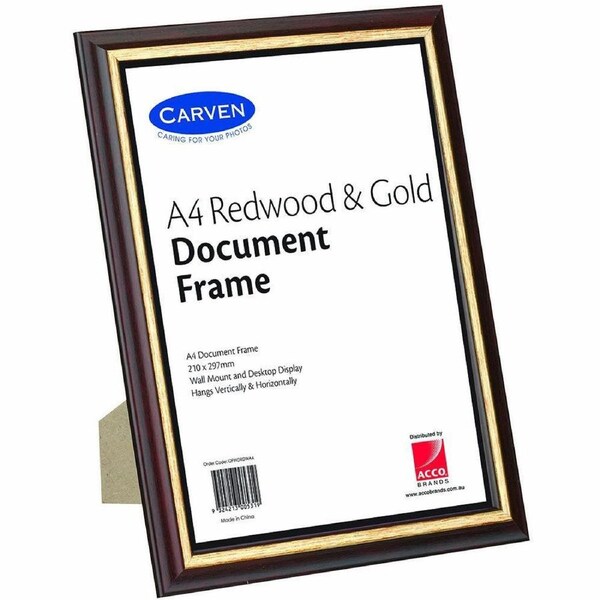 Carven Document Picture Photo Frame A4 Redwood/Gold with Stand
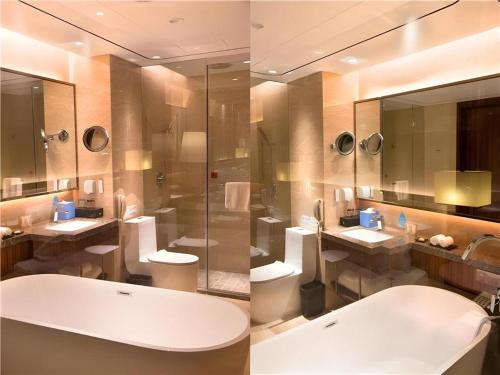 two pictures of a bathroom with two sinks and a tub at Clear Lake Hotel in Shanwei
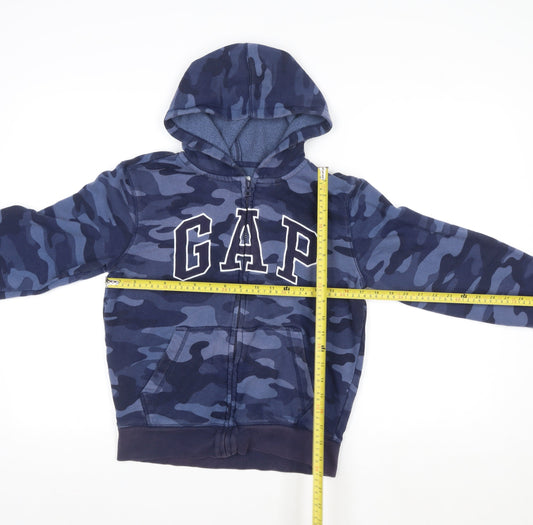 GAP Boys Blue Camouflage Hooded Full Zip Jacket Size 10-11 Years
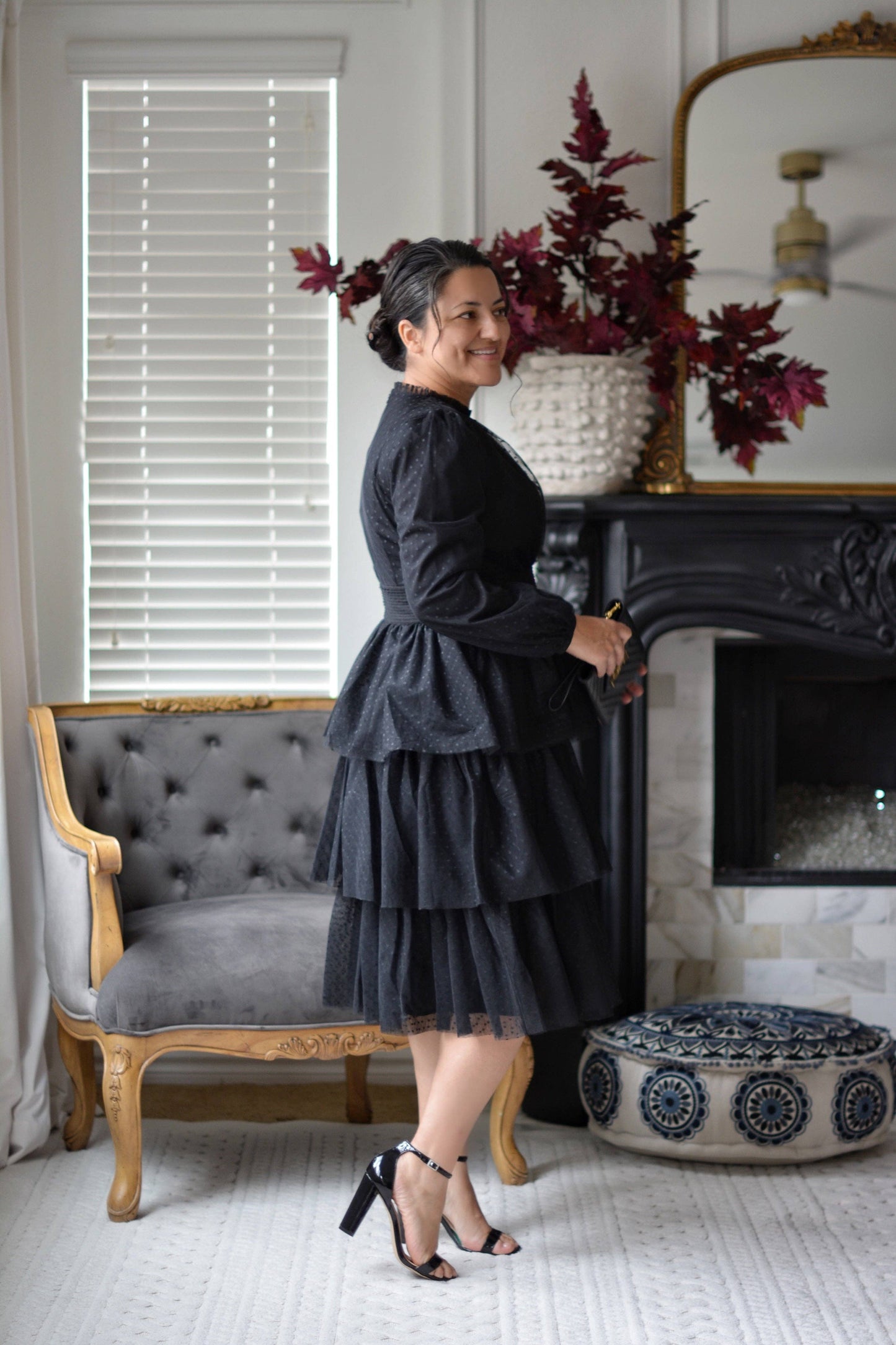 Thea Black Tulle Dress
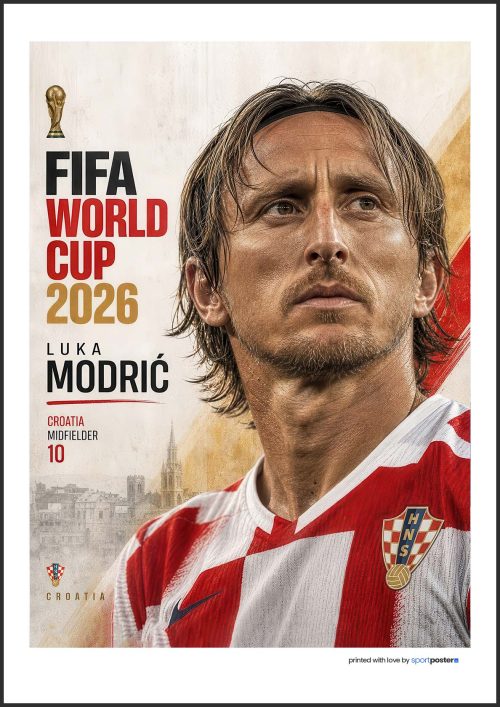 Futbalový plagát Luka Modrić pre FIFA World Cup 2026 s reprezentatívnym drese Chorvátska.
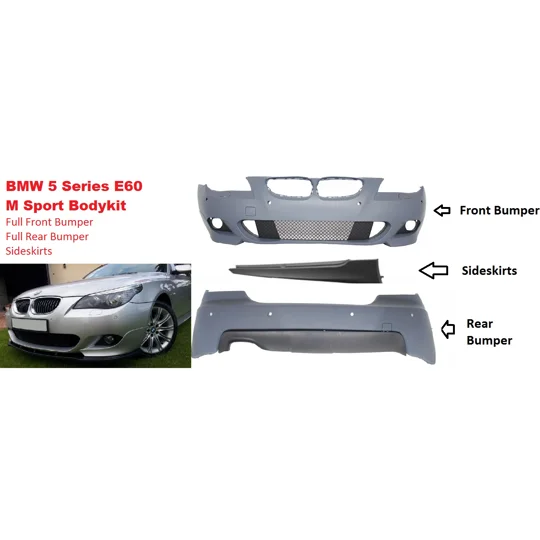 BMW E60 5 Series Yrs 03-10 MSport Bodykit Front & Rear Bumpers & Sideskirts Style Plastic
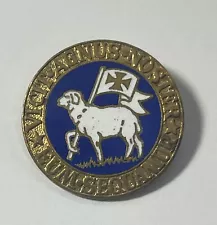 VINTAGE ENAMEL PIN LAMB OF GOD W FLAG OF VICTORY R LAMB HAS CONQUERED FOLLOW HIM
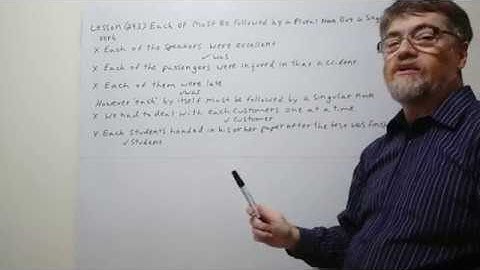 Tutor Nick P Lesson (293) Each of Must Be Followed by a Plural Noun and Singular Verb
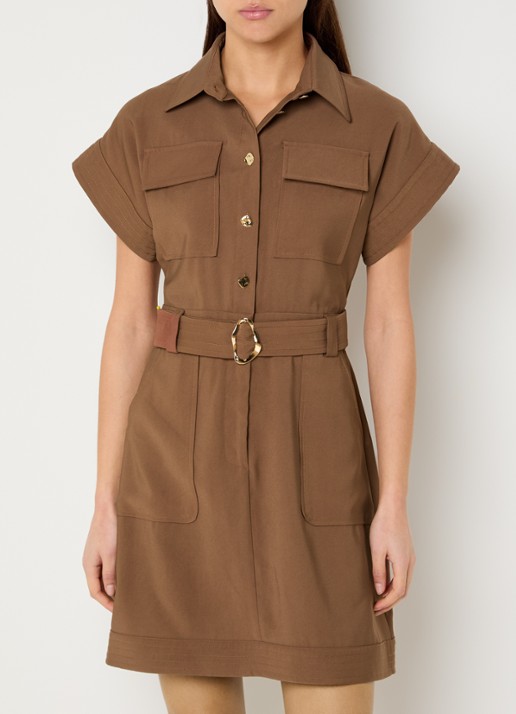 Liu Jo Mini blousejurk met borst- en steekzakken - detail 4 roestbruin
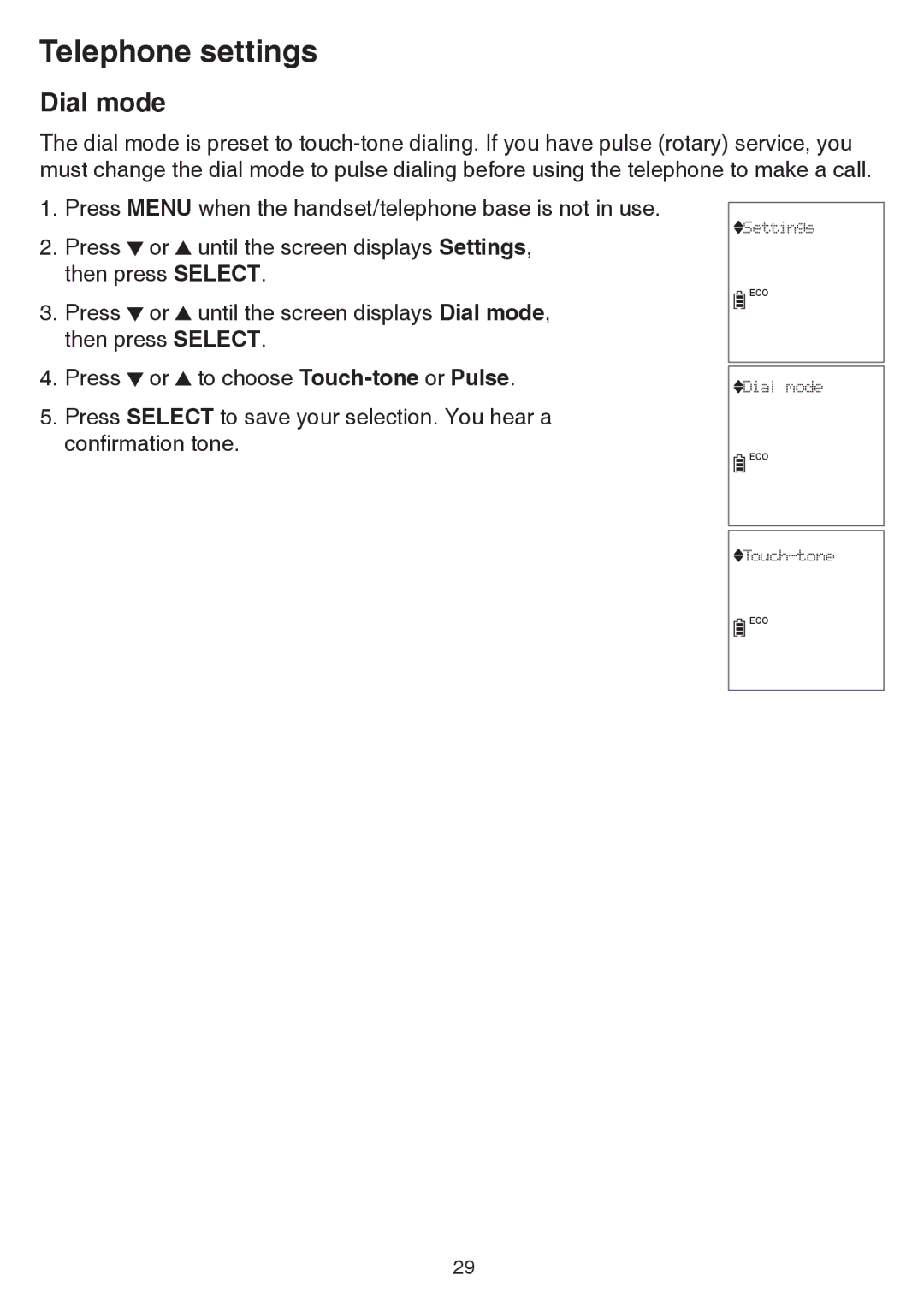 VTech dect 6.0 user manual Dial mode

* [Task directions]
Look above for the line with "two pictures of" and the line with "VINTAGE ENAMEL PIN", then copy exactly the lines from the first through the second, both kept, with no pictures.

* [Solution to this exercise]
 two pictures of a bathroom with two sinks and a tub at Clear Lake Hotel in Shanwei
 GAP Boys Blue Camouflage Hooded Full Zip Jacket Size 10-11 Years
 Thea Black Tulle Dress
 Futbalový plagát Luka Modrić pre FIFA World Cup 2026 s reprezentatívnym drese Chorvátska.
 BMW E60 5 Series Yrs 03-10 MSport Bodykit Front & Rear Bumpers & Sideskirts Style Plastic
 VINTAGE ENAMEL PIN LAMB OF GOD W FLAG OF VICTORY R LAMB HAS CONQUERED FOLLOW HIM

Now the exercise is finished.